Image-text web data
= = = =
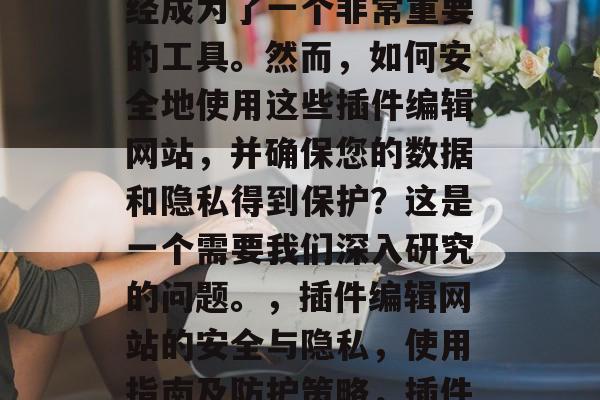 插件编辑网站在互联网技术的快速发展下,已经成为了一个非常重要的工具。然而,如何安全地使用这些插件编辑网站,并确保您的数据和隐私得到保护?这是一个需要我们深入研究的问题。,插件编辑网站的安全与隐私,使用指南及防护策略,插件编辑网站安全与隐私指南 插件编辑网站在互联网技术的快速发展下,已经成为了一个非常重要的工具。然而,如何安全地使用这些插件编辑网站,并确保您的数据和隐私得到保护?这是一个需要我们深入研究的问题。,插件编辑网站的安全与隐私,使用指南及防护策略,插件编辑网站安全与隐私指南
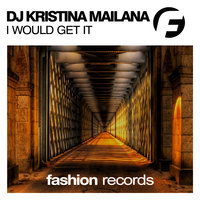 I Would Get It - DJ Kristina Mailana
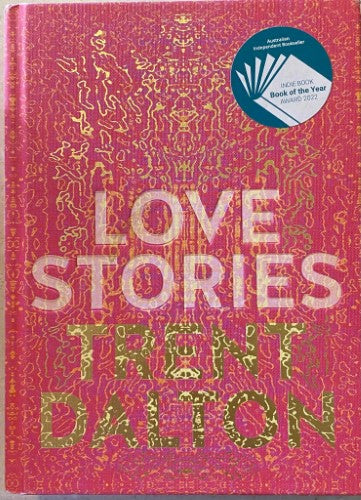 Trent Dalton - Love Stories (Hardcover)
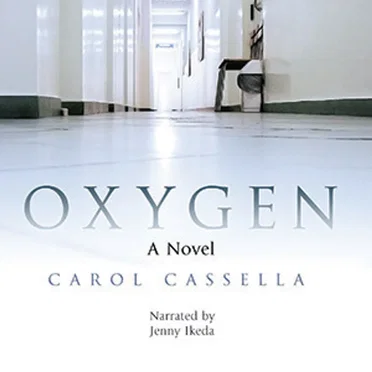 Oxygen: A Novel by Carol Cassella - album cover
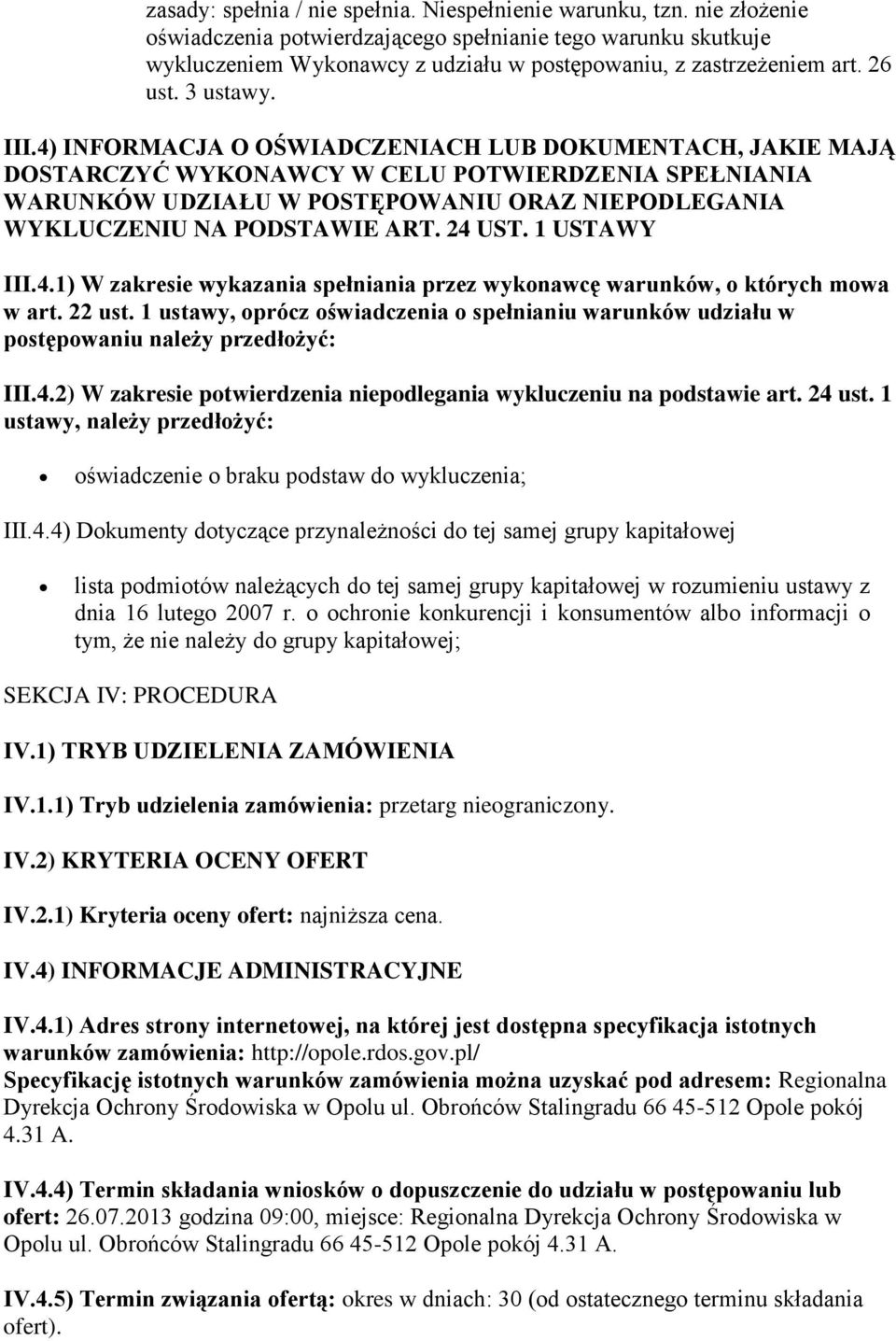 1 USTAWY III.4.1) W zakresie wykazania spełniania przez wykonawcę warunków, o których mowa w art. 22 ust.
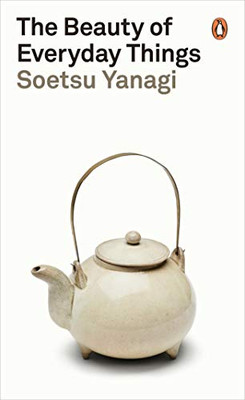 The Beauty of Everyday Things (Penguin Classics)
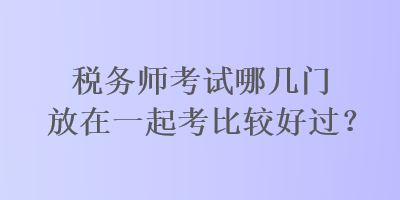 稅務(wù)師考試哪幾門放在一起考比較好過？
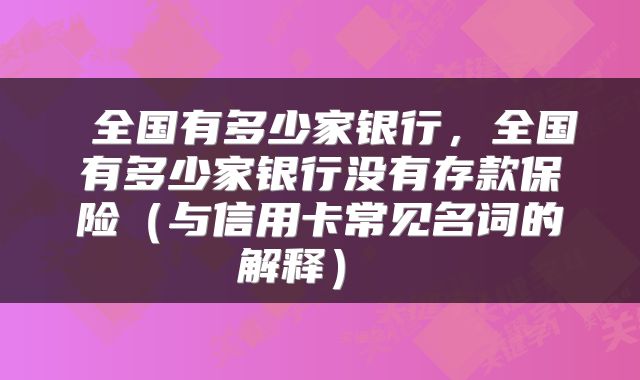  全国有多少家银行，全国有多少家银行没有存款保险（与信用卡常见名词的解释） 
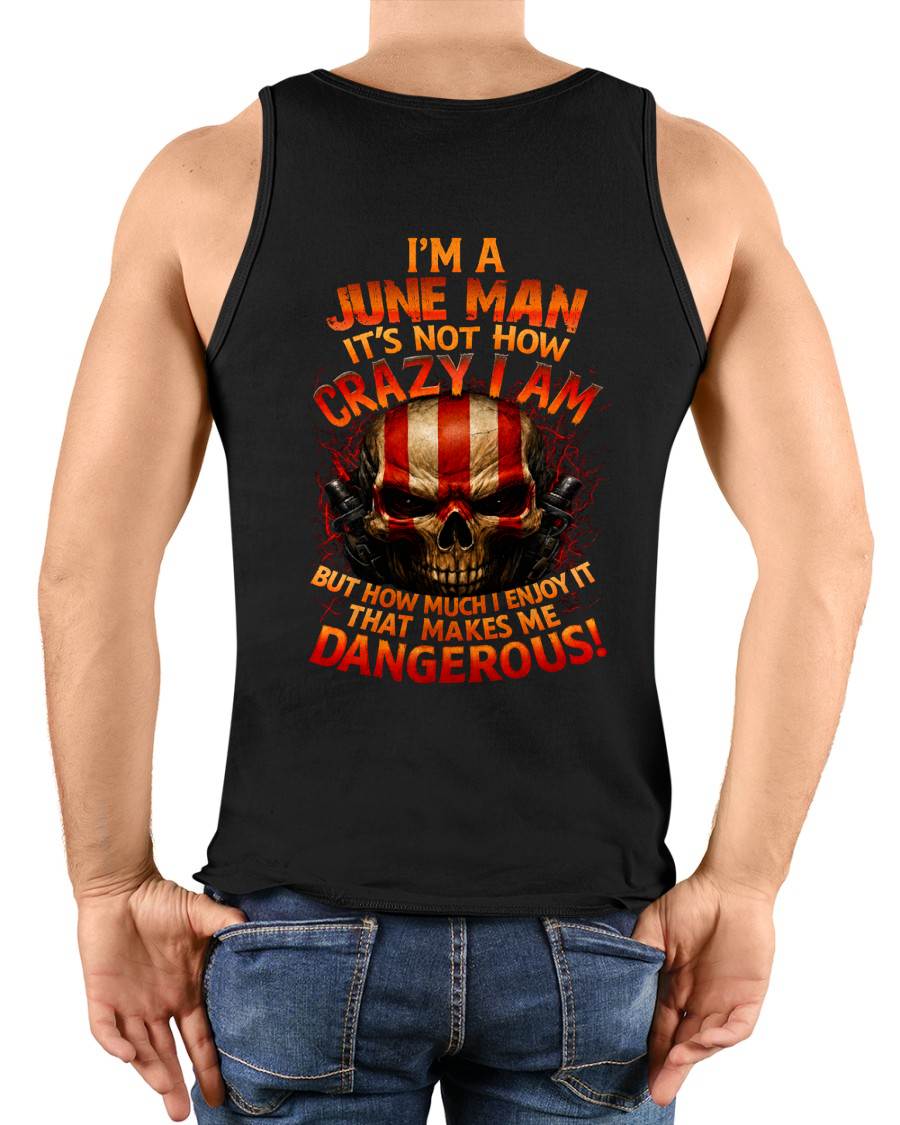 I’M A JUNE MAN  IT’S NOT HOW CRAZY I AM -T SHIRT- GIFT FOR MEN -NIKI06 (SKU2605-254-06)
= = = =
- [Task instructions]: Give back an exact reproduction of the entries, with all pictures excluded.

- [Answer for this exercise]:
 插件编辑网站在互联网技术的快速发展下,已经成为了一个非常重要的工具。然而,如何安全地使用这些插件编辑网站,并确保您的数据和隐私得到保护?这是一个需要我们深入研究的问题。,插件编辑网站的安全与隐私,使用指南及防护策略,插件编辑网站安全与隐私指南 插件编辑网站在互联网技术的快速发展下,已经成为了一个非常重要的工具。然而,如何安全地使用这些插件编辑网站,并确保您的数据和隐私得到保护?这是一个需要我们深入研究的问题。,插件编辑网站的安全与隐私,使用指南及防护策略,插件编辑网站安全与隐私指南
 I Would Get It - DJ Kristina Mailana
 Trent Dalton - Love Stories (Hardcover)
 Oxygen: A Novel by Carol Cassella - album cover
 1 USTAWY III.4.1) W zakresie wykazania spełniania przez wykonawcę warunków, o których mowa w art. 22 ust.
 The Beauty of Everyday Things (Penguin Classics)
 稅務(wù)師考試哪幾門放在一起考比較好過？
  全国有多少家银行，全国有多少家银行没有存款保险（与信用卡常见名词的解释） 
 I’M A JUNE MAN  IT’S NOT HOW CRAZY I AM -T SHIRT- GIFT FOR MEN -NIKI06 (SKU2605-254-06)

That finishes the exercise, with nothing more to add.